Test the encoding function by encoding a subset of data and see if the embeddings and distance metrics make sense.

In [11]:
# Encode a subset of questions for validation
questions = df.title.tolist()[:500]
is_successful, question_embeddings = encode_text_to_embedding_batched(
    sentences=df.title.tolist()[:500]
)

# Filter for successfully embedded sentences
questions = np.array(questions)[is_successful]

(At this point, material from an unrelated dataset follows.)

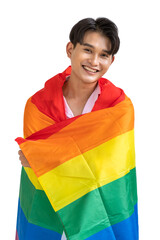 Portrait of cute Asian LGBT homosexual men or gay standing and smiling, covered with pride rainbow flag, on white background. Looking at camera.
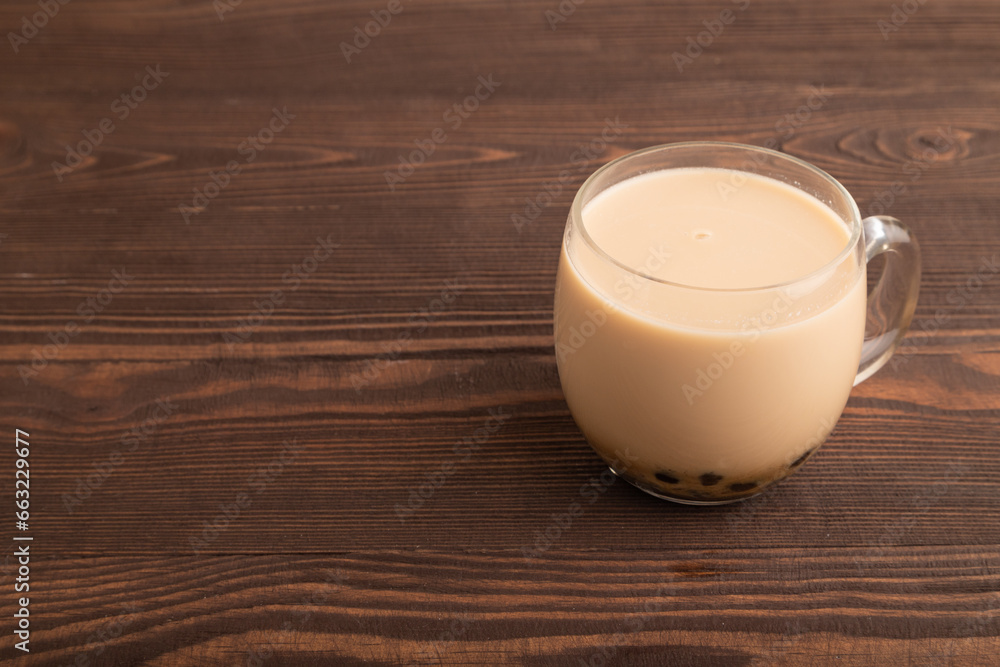 Bubble tea with pistachio and caramel in glass on brown wooden, Side view, copy space. Bubble tea with pistachio and caramel in glass on brown wooden, Side view, copy space.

  0%|          | 0/100 [00:00<?, ?it/s]

In [12]:
# Save the dimension size for later usage when creating the Vertex AI Vector Search index.
DIMENSIONS = len(question_embeddings[0])

print(DIMENSIONS)

768


Sort questions in order of similarity. According to the embedding documentation, the similarity of embeddings is calculated using the dot-product, with np.dot. Once you have the similarity score, sort the results and print them for inspection. 1 means very similar, 0 means very different.

In [13]:
import random

question_index = random.randint(0, 99)

print(f"Query question = {questions[question_index]}")

# Get similarity scores for each embedding by using dot-product.
scores = np.dot(question_embeddings[question_index], question_embeddings.T)

# Print top 20 matches
for index, (question, score) in enumerate(
    sorted(zip(questions, scores), key=lambda x: x[1], reverse=True)[:20]
):
    print(f"\t{index}: {question}: {score}")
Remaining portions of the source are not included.